Parents' Letter (April 5, 2012)
The parents of a wonderful girl Kristina from the town of Soligorsk are asking you for help.
Kristina is a marvellous girl, one can call her a sunny-child. She was born healthy, but at the age of 5 months Kristina fell ill with obstructive bronchitis. What could such a disease lead too? But the treatment with Gentamicin resulted in irreversible deafness. During the treatment nobody told us that the antibiotic could harm the child's health in such a way. The doctors always tried to convince us that Kristina had been ordered an efficacious treatment. By that time the girl had already been babbling, but everything changed in the course of literally half a year after the treatment. The girl stopped paying attention first to the very quiet sounds and then even to the very loud sounds. We started worrying. But it was too hard to believe that our child could have hearing problems. There are no hearing impaired people in our family! But during our visit to the National Science Practical Center for Otorhinolaryngology our suspicions were confirmed. It's impossible to find words to express what we felt when we were said that our girl has severe neurosensory hearing loss. The world around us collapsed, everything grew grey. We wanted it so much to turn out a scary dream that was going to end soon. But no — it was just the beginning. Medical check ups, establishing disability status and preparation for the cochlear implant surgery followed. It was hard time for our family since we had no idea what cochlear implantation was and how we would live with it. And we kept asking ourselves the only question: "Why did it happen to our little girl? Why has God sent us this severe trial? Were shall we get strength to go through it?" We failed to prove the fault of the doctor that had ordered treatment with gentamicin in what happened to Kristina.

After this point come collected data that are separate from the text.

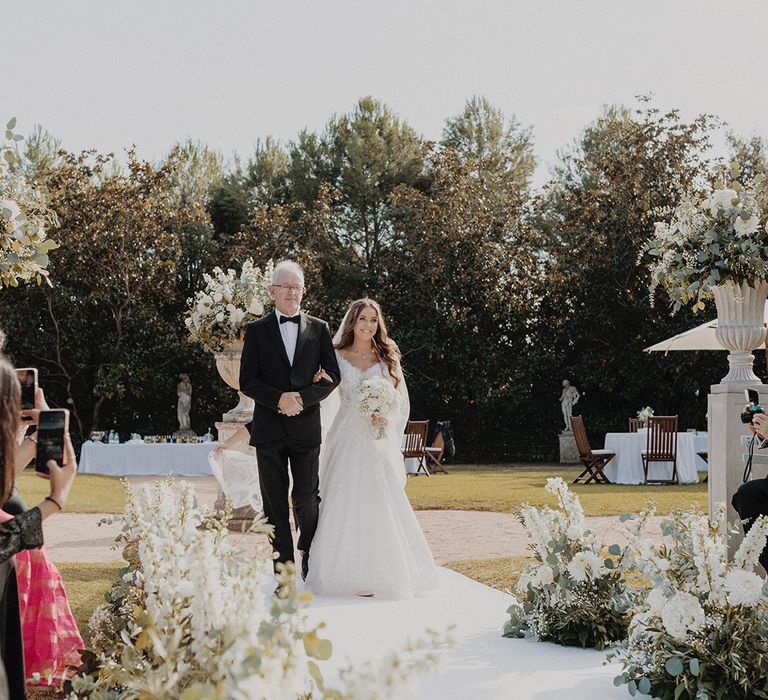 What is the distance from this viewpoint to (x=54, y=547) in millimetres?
9500

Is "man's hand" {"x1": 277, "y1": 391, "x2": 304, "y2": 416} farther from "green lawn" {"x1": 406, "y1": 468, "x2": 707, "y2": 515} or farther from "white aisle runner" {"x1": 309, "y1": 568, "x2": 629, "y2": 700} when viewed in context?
"green lawn" {"x1": 406, "y1": 468, "x2": 707, "y2": 515}

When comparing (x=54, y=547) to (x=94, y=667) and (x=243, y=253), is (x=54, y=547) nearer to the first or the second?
(x=94, y=667)

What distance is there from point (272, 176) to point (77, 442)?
35.8 feet

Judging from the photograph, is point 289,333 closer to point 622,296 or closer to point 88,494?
point 88,494

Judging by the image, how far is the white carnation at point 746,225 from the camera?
19.1 feet

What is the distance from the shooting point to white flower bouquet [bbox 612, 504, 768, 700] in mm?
3684

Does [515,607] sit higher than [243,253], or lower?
lower

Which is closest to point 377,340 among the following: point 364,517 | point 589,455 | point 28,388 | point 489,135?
point 364,517

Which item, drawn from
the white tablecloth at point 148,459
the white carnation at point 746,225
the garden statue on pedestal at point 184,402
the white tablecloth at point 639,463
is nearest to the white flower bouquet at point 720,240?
the white carnation at point 746,225

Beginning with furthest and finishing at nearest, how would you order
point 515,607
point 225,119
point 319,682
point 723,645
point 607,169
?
point 225,119 < point 607,169 < point 515,607 < point 723,645 < point 319,682

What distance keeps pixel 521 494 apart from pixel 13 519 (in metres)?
12.2

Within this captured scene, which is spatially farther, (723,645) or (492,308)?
(492,308)

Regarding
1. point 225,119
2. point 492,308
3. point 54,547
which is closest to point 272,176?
point 225,119

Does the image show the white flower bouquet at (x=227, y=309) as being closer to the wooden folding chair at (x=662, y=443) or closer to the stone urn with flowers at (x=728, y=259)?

In March 2008 at the age of 38 months Kristina had a surgery. The four hours it lasted seemed an eternity to us. Seconds turned into hours of waiting. Thanks to the surgeons' high qualification everything went well. A month later the system was turned on and we started learning to listen and hear. It is a very complicated process. We needed higly skilled specialists' assistance, but they were not available in the little town we lived in. We were offered to send our daughter to the National Center for Hearing Impaired Children. We had to leave Kristina at the Center for five days in order to achieve better results. Not seeing our child for such a long period was very hard. Each time we were leaving with broken hearts. But due to the atmosphere of kindness and understanding reigning in the Center Kristina adjusted very soon and stayed there without crying. And it led to good results: by the end of the year she was able to recite short rhymes and had a decent vocabulary. There were tears in our eyes when we heard the words "Mom" and "Dad" for the first time. We got an incentive to give even more to our child. We left everything and moved to Soligorsk — the town where Kristina could have a chance for further rehabilitation and development. And as they say, the world is not without good people. We were welcomed by the Soligorsk Center for Remedial and Developing Instruction. They helped us to select a day care with a speech therapy group for Kristina, where wonderful specialists and really understanding people worked. Kristina liked going to the daycare very much. She was taught to write and read, started attending several study groups. But most of all she likes dancing. Kristina is a very frank and kind girl, she is very sincere. She knows how to be happy and love with all her heart. Sometimes her openness moves us to tears. Kristina has a little brother Kirill. The day I was discharged from the hospital and brought Kirill home she took him up in her arms and started crying so hard that frightened us. When we asked her what happened she answered: "I love him so much! He must not ever get sick!"
Kristina always helps in everything. She takes pleasure in playing with her little brother. Kristina likes to tidy up, helps me in the kitchen. She is fond of nature and animals. But unfortunately she has few friends since sometimes kids have a hard time understanding her and occasionally it is difficult for Kristina to understand them.
Once in a while her speech processor stops working for no reason. At such moments Kristina starts crying of fear that the device has broken down and she will not be able to hear any more. The specialists recommended us to buy a more powerful OPUS-2 speech processor produced by MED-EL company. It will enable Kristina to hear better and understand speech regardless of the noise, hear quiet sounds, better hear the music. And consequently, she will have more opportunities to socialize. And it is very important, taking into account that Kristina starts school in fall. A new speech processor will help her to feel more confident and adjust better. But unfortunately, our family can't possibly afford buying the OPUS-2 speech processor for Kristina. I am on maternity leave. And my husband works even at the weekend. We want our daughter so much to get a chance to hear this world better, not feel inferior and socialize with her peers.
We believe there are compassionate people capable of helping and understanding other person's trouble even in today's hard times. We thank the Chance Foundation and all the people that will respond to our call for help.